For each of its shows starting in the 1990s, U2’s arsenal has included big screens, bright lights, stages reaching deep into crowds and pivoting bridges stretching over them. Its 360 Tour, from 2009-2011, had as its centerpiece “The Claw,” a structure the size of small skyscraper designed to dwarf the stadium. It was the largest grossing tour of all time, pulling in $736.4 million.

U2 drummer Larry Mullen Jr. (GeekWire Photo / Kevin Lisota)

Zoo TV in 1992 included big screens and, mounted to the ceiling, Trabant cars from the just-unraveled Eastern Bloc. For U2’s 1997 PopMart tour, the University of Oregon agreed to tear off the back of its football stadium and rebuild it with wider corridors so U2’s trucks could haul in what was at the time the world’s largest LED screen as well as a 100-foot golden arch that hovered over the crowd.
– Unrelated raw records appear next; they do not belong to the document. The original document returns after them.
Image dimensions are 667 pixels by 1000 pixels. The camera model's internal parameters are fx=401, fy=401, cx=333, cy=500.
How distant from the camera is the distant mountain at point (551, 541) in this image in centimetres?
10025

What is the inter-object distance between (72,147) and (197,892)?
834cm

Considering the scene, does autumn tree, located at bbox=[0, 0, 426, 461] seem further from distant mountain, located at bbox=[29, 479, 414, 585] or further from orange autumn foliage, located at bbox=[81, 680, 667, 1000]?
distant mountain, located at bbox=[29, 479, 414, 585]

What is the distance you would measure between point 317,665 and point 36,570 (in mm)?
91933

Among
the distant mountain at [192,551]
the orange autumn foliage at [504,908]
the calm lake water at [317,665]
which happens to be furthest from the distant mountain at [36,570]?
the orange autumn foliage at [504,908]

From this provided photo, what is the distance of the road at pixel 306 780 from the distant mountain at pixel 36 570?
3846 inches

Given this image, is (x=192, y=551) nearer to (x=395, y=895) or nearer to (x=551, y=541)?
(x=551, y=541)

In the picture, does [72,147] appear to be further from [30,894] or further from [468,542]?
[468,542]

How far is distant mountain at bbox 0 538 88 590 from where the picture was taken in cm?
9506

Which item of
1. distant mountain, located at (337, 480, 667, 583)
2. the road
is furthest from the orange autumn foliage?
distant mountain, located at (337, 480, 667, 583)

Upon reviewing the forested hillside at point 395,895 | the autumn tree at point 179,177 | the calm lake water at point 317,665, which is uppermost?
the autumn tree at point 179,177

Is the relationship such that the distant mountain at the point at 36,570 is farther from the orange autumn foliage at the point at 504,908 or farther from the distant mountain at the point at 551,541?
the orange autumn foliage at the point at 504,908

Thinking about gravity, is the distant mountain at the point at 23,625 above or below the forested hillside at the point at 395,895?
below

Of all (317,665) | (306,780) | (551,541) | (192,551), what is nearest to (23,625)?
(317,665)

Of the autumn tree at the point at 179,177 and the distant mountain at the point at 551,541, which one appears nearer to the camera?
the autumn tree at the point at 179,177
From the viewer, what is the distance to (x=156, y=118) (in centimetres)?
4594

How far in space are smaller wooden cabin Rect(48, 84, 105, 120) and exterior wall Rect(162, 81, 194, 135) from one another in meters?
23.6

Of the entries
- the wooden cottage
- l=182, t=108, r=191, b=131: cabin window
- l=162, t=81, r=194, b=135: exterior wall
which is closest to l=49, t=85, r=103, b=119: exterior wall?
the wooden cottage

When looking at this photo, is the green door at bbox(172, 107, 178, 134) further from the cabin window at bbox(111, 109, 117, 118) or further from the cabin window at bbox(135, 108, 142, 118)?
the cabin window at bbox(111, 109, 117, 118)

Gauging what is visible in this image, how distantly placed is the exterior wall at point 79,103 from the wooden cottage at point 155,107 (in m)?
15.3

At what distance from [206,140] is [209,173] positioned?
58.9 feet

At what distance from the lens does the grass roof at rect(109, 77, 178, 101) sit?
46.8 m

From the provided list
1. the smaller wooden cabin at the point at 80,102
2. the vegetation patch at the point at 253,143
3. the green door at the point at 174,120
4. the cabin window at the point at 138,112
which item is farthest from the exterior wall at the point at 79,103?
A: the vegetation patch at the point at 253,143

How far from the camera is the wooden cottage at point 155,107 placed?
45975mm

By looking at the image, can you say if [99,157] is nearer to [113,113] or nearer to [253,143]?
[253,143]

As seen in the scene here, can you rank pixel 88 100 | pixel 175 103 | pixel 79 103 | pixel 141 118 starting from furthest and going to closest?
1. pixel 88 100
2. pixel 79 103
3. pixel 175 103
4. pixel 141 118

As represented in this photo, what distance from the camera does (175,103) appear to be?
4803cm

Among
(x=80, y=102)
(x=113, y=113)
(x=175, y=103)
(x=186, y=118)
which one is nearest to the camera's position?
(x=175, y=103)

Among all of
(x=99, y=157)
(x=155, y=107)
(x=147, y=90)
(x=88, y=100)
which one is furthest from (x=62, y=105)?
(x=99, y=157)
The PopMart Tour also included a 40-foot, spinning mirrorball lemon that hatched open like a UFO to reveal the band inside. (An important piece of U2 lore: There are said to be two occasions when the lemon refused to open, leaving the band stuck inside.)

U2 bassist Adam Clayton. (GeekWire Photo / Kevin Lisota)
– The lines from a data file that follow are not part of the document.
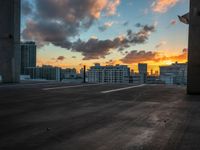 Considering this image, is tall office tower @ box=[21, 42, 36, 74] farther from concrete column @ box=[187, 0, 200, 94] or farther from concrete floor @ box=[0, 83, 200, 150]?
concrete floor @ box=[0, 83, 200, 150]

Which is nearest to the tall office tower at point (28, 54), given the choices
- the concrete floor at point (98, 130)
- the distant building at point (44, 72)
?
the distant building at point (44, 72)

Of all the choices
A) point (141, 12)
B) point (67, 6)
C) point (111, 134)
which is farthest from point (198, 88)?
point (67, 6)

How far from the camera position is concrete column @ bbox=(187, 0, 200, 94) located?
13.1 m

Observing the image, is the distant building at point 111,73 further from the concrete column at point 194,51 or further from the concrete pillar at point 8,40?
the concrete column at point 194,51

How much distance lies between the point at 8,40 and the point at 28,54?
3292 cm

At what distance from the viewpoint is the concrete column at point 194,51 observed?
13109 mm

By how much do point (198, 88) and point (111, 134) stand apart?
390 inches

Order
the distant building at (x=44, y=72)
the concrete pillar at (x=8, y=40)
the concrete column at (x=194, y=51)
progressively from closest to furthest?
the concrete column at (x=194, y=51) → the concrete pillar at (x=8, y=40) → the distant building at (x=44, y=72)

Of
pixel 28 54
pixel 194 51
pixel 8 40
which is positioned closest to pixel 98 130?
pixel 194 51

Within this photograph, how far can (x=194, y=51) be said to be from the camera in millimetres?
13172

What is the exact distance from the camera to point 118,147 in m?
3.76

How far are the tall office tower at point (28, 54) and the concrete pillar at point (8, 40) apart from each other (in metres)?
27.4

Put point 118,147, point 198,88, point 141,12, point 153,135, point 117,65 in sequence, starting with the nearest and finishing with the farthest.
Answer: point 118,147, point 153,135, point 198,88, point 141,12, point 117,65

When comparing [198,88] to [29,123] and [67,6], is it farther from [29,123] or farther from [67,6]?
[67,6] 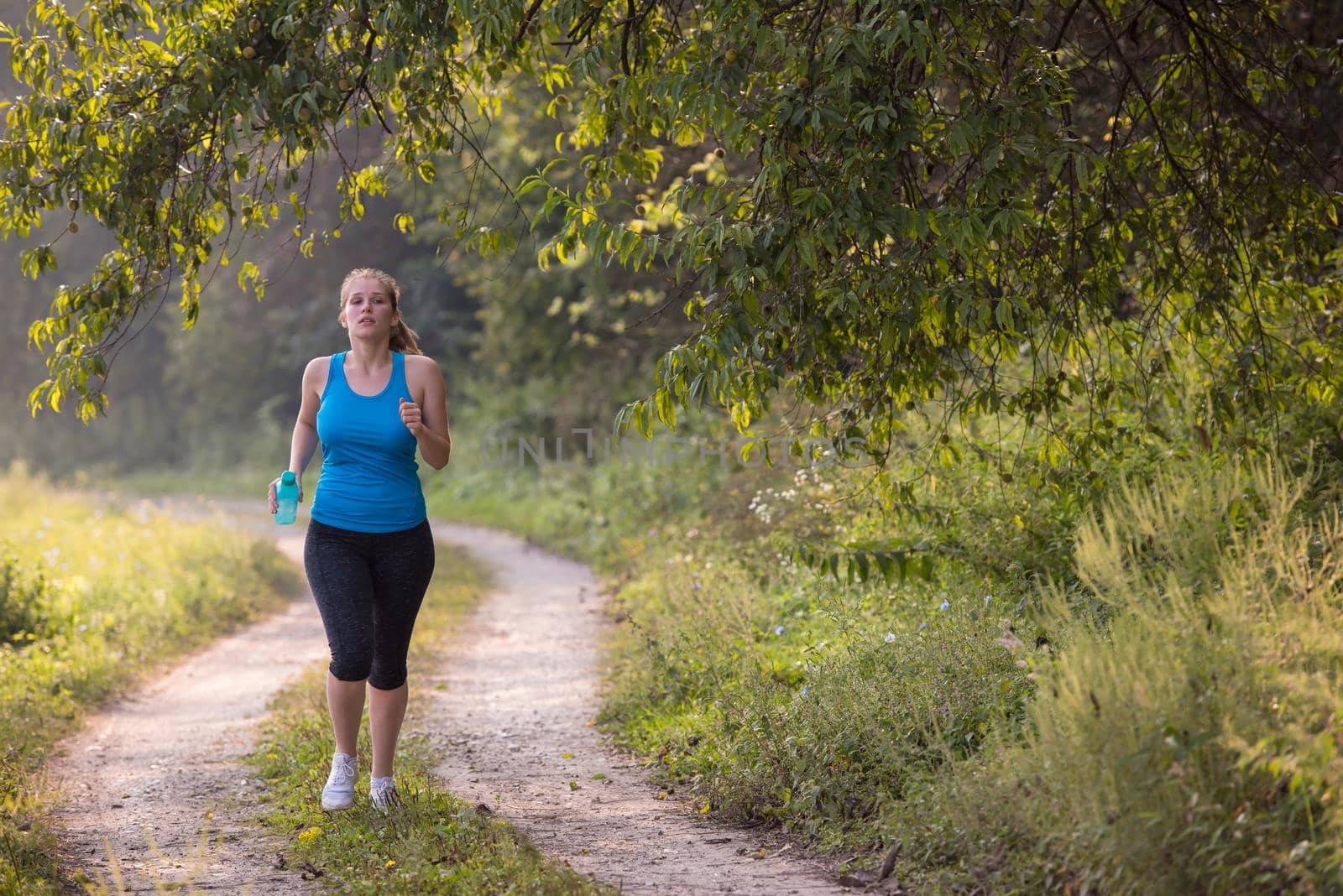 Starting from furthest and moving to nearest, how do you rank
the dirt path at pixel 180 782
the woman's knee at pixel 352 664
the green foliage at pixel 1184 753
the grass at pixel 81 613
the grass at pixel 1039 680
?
the grass at pixel 81 613 → the woman's knee at pixel 352 664 → the dirt path at pixel 180 782 → the grass at pixel 1039 680 → the green foliage at pixel 1184 753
Memories of the 1987 Joshua Tree tour’s troubles were fresh in the band’s memory when they set out last year on a new stadium tour to celebrate the Joshua Tree’s 30th anniversary.

“It was actually quite a tough time trying to deliver those songs under the pressure of growing from an arena act to a stadium act,” bassist Adam Clayton recalled in an early 2017 conversation with Rolling Stone. “I, for one, don’t remember enjoying it very much.”

Which is no doubt why, for last year’s Joshua Tree anniversary tour, U2 brought a 200-foot by 45-foot 7.6K resolution screen that towered above the stage. It will also come as no surprise, given this history, that it was the largest and highest resolution screen ever used in a concert tour.

During the show last week at The Forum, in the midst of all that startling imagery, U2 played new songs about what they want their families to know at the end of life — the stuff that matters, the things to be grateful for. The band’s nearly grown children appeared on the screen more than once. (They’re on U2’s most recent album covers, too.)

The animated comic depicting the band stumbling through life. (GeekWire Photo / Kevin Lisota)

On stage, Bono said the evening was about finding innocence again on the other side of experience — a story reflected in an outsized, animated comic that appeared during the concert, showing the band stumbling through life. These are songs that lift you up and tear your heart out. It’s the stuff you think about telling your kids when you’re staring off in space in an airport terminal on your way home from a business trip. No big screens needed here — although they help.

And in those moments, after 30 years, U2 may have pulled it off: circuits and pixels and hearts and minds came together to make that big, empty space feel, finally, like a small club.